Bir an önce başkanlık sistemine geçip bir çeşit “çağdaş padişahlık” dönemiyle Türkiye’yi yüceltmeyi kurgulamış bir başbakanın önderliğiyle seçime girecek bir iktidar partisinin “kaçınılmaz” denen zaferine karşı bir “cumhuriyetçi birliktelik” oluşturmak başarılamayacak bir iş değildir. Yeter ki, gerçekten cumhuriyetçi olduklarını söyleyenler, birbirinin cumhuriyetçiliğine güvenen siyasal parti liderleri bir masa çevresinde ve halkın gözleri önünde toplanıp bu birlikteliğin “modalite”sini, yani gerçekleştiriliş tarzını, kurallarını ve yöntemlerini konuşabilsinler.
Partilerden büyük sivil toplum kuruluşlarına, demokratik kitle örgütlerine dalga dalga yayılması gereken ve ana düşüncesi genel seçimden bir iktidar çoğunluğuyla çıkmak olacak böyle bir girişim elbet bencillikten ve küçük hesaplardan uzak, büyük özveri, açıklık, içtenlik, dayanışma ve disiplin isteyecektir.
Her şeyden önce ve doğal olarak, önümüzdeki kısa zamanı iyi kullanmaya yönelik bir disiplin, çalışma gücü ve beceriklilik.
Elbet “Bizim cumhuriyetçi kadrolarımızda bütün bunlar olsaydı zaten cumhuriyet bu durumlara düşmezdi” diye mırıldanışları duyar ve dudak büküşleri görür gibi oluyorsunuzdur.

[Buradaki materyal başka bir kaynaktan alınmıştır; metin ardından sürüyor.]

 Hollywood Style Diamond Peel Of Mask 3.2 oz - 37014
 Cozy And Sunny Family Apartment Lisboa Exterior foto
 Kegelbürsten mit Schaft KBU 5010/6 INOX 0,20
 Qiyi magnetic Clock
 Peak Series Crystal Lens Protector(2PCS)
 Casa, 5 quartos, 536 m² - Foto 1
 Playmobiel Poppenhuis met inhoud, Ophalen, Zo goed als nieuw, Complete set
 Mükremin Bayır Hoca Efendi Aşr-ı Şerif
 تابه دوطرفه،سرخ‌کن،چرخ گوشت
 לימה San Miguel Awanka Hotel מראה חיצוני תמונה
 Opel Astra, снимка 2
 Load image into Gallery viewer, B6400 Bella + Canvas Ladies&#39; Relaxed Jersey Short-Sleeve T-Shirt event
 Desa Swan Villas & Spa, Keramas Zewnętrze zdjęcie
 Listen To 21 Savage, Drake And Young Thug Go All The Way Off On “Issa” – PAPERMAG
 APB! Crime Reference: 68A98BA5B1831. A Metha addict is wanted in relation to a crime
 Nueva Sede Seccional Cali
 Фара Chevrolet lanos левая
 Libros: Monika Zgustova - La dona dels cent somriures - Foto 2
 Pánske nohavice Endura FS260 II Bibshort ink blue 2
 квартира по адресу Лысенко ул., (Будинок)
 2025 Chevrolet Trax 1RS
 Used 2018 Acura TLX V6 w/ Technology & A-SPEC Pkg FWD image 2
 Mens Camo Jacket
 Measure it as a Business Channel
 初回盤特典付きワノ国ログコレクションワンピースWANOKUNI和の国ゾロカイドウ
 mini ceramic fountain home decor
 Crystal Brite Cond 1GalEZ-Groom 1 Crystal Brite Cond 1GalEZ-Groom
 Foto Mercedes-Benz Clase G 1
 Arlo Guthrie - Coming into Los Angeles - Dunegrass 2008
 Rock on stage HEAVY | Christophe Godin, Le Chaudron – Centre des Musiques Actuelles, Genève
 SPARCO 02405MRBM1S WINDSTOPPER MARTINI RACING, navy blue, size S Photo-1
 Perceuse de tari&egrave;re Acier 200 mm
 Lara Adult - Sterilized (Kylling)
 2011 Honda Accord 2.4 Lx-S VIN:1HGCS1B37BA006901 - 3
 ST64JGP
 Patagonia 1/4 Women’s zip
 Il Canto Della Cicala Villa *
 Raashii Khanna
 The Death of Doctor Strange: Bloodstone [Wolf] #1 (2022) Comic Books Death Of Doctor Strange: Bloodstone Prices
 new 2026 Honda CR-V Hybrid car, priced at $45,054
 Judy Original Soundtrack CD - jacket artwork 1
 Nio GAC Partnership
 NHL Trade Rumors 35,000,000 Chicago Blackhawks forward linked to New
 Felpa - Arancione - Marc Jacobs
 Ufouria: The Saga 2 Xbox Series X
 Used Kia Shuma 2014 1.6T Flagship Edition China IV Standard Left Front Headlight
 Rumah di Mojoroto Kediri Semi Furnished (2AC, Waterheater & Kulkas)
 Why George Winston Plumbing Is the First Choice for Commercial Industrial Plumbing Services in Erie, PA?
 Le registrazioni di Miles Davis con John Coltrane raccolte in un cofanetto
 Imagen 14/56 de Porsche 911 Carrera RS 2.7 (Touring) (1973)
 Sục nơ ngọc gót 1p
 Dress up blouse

Olsun. Doksan iki yıl önce bir adam Samsun’a ayak basarken de böyle olmadı mı? “Peki, ya karizma yokluğu” diyorsanız, her birinizde mutlaka bulunan ve ufak çocukların “Benim babam, benim ablam…” diyerek birbirine anlatıp övündükleri küçük karizmalar var ya, onları bir araya getirince hiç değilse büyükçe bir karizma da mı çıkmaz?